Exercise details:
How do the lines below between the ones holding "Simpatico Style Portable" and "Jonathan Y Brantley", inclusive, read? Give them again exactly, with no other lines.

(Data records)
<<<<
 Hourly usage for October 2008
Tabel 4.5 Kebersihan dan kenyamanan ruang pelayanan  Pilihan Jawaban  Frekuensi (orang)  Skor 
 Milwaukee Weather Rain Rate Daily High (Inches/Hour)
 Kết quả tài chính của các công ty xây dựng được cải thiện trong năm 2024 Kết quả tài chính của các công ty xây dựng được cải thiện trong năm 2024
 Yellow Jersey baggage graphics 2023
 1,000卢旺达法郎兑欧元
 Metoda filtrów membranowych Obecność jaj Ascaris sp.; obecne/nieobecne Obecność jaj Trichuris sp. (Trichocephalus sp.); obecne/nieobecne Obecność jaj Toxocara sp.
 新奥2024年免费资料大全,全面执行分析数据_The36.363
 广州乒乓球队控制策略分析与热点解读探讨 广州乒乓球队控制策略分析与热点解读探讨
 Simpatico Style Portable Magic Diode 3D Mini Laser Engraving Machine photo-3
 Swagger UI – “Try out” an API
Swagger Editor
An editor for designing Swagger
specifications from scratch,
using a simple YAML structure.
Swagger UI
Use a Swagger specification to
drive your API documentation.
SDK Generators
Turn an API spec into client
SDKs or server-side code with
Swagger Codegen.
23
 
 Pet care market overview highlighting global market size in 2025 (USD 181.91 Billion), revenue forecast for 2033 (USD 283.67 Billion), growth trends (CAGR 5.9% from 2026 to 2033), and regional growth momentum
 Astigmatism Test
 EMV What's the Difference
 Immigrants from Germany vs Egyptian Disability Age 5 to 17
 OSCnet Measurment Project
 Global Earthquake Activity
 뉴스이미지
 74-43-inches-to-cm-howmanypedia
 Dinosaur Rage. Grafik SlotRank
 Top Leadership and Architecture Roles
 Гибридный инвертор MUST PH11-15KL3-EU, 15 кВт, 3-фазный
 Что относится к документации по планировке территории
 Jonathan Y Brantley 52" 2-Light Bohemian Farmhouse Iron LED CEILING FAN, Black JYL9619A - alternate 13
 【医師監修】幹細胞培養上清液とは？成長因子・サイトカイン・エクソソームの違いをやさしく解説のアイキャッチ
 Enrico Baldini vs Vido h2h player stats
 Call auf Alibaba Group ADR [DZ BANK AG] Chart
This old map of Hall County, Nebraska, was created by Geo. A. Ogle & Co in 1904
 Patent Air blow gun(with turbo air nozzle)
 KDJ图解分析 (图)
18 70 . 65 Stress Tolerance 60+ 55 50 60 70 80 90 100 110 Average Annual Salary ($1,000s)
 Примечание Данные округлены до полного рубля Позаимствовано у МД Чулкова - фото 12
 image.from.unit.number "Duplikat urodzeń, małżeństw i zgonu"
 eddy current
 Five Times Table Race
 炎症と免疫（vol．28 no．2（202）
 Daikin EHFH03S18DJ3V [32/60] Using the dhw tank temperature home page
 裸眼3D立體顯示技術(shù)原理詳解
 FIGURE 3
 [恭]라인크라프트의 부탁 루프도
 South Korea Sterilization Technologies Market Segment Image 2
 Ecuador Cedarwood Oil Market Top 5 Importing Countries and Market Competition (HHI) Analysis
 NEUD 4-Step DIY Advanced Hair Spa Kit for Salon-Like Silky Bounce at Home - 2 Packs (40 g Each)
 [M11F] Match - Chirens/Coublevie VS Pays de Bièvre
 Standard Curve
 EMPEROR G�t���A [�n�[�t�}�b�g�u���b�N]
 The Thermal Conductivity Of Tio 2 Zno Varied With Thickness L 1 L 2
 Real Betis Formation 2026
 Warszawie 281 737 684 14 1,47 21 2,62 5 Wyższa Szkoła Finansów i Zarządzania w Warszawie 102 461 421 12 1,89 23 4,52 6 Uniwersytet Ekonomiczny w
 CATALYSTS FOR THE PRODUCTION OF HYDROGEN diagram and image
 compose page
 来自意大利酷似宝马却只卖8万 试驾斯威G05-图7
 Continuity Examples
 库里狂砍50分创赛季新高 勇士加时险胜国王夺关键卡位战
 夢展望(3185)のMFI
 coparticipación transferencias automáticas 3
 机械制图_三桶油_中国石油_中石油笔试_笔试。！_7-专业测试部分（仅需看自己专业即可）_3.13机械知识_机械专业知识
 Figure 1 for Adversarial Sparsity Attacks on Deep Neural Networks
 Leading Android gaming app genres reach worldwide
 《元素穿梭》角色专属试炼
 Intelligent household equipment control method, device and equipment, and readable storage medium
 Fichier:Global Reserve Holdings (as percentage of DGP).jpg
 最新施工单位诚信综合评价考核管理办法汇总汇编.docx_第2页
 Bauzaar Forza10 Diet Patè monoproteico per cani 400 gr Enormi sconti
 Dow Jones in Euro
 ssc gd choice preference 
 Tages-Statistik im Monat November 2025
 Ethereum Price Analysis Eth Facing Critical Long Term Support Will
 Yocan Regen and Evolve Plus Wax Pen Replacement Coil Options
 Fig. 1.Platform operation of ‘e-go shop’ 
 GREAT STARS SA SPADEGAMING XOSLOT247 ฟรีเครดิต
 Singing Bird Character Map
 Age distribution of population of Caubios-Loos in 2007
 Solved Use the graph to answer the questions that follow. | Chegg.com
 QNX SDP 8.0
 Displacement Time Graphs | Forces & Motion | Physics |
>>>>
Answer to this task:
 Simpatico Style Portable Magic Diode 3D Mini Laser Engraving Machine photo-3
 Swagger UI – “Try out” an API
Swagger Editor
An editor for designing Swagger
specifications from scratch,
using a simple YAML structure.
Swagger UI
Use a Swagger specification to
drive your API documentation.
SDK Generators
Turn an API spec into client
SDKs or server-side code with
Swagger Codegen.
23
 
 Pet care market overview highlighting global market size in 2025 (USD 181.91 Billion), revenue forecast for 2033 (USD 283.67 Billion), growth trends (CAGR 5.9% from 2026 to 2033), and regional growth momentum
 Astigmatism Test
 EMV What's the Difference
 Immigrants from Germany vs Egyptian Disability Age 5 to 17
 OSCnet Measurment Project
 Global Earthquake Activity
 뉴스이미지
 74-43-inches-to-cm-howmanypedia
 Dinosaur Rage. Grafik SlotRank
 Top Leadership and Architecture Roles
 Гибридный инвертор MUST PH11-15KL3-EU, 15 кВт, 3-фазный
 Что относится к документации по планировке территории
 Jonathan Y Brantley 52" 2-Light Bohemian Farmhouse Iron LED CEILING FAN, Black JYL9619A - alternate 13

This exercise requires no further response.